An SEC spokesman said that the regulator "is looking into potential information leakage that could be unfairly benefiting customers at the expense of others." He added that all the big firms on Wall Street would be investigated, and that hedge funds would be among those that might be being tipped off, but are not necessarily the only investor base receiving such information.
A high level of complaints from mutual funds has apparently prompted the SEC to take action. One industry body that has been urging an investigation is the Investment Company Institute (ICI), whose members hold more than 20% of the value of publicly traded US equity outstanding. ICI president Paul Stevens started pressuring the SEC in 2005. "Unfortunately, confidentiality and anonymity are not conditions we can take for granted," he says. "As several recent cases brought by the SEC illustrate, there are individuals and firms quite prepared to profit unlawfully by obtaining information about mutual fund and other institutional orders and trades and then trading ahead of those orders. We owe it to fund shareholders and the market at large to root out such abuses, where they exist."
Can abuses be proved? Intermediaries often have to tout around to see how much interest there is for a trade by a large institution, and defenders of Wall Street have been quick to say that there is too fine a line between "tipping off" and "gauging interest" to be able to pinpoint the guilty.
Thats not so, argues David Remnitz a senior managing director at FTI Consulting. FTI advises financial companies on areas including SEC investigations. "Yes there may be a challenge in exploring all the different sources of information, communication and trades that would reveal tip-offs but technology today can deal with that," he says. "But how difficult is it to prove if illegal activities have been going on? Not very difficult. Most of what people do today is recorded in some way, which will allow the SEC to determine which organizations have been involved in direct trading ahead or trading information knowingly or unknowingly.

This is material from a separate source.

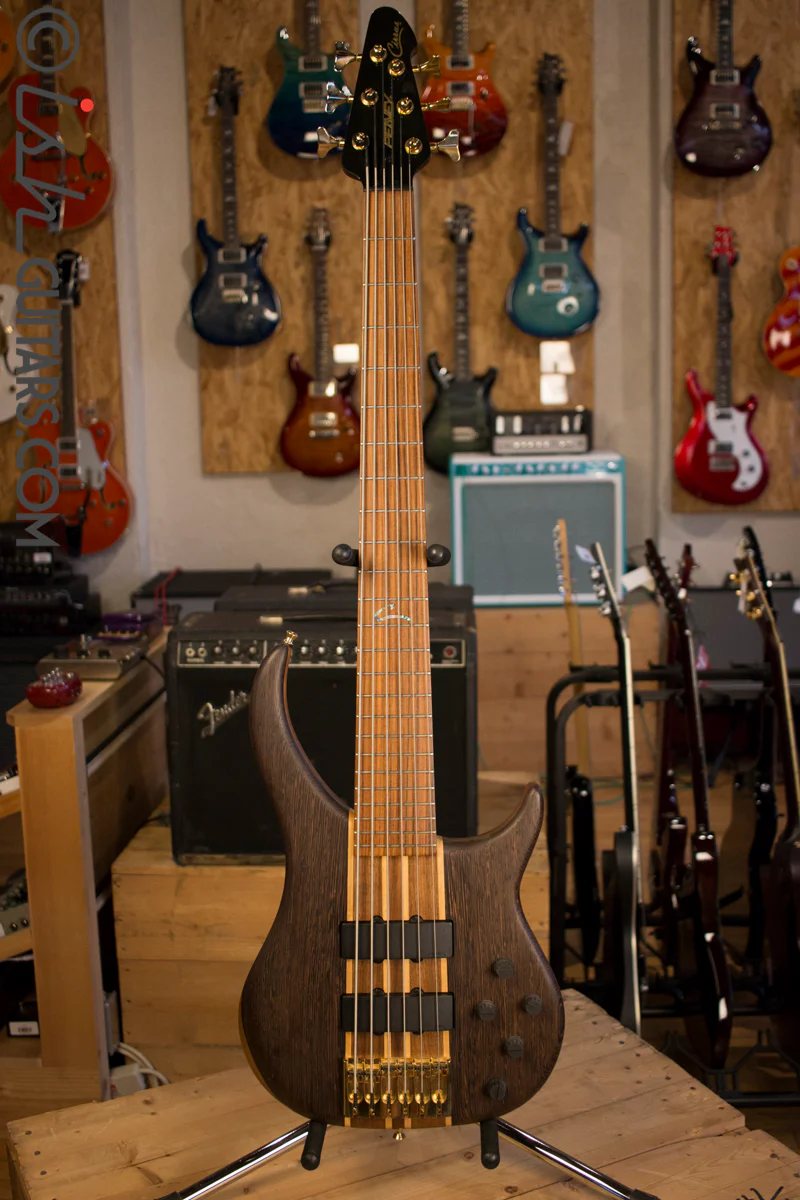 USA Peavey Cirrus 6 String Bass Wenge Top Neck Through 2010 - Image 2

"As for telling a tip-off from a genuine business communication, there is the technology to build up specific patterns, words and phrases that appear in one and not the other to develop a model that can quickly search through the databases of information."
Hedge funds are implicated in the SEC probe because they pay more commission to Wall Street firms than mutual funds do. So some mutuals argue that hedge funds are treated as preferred customers.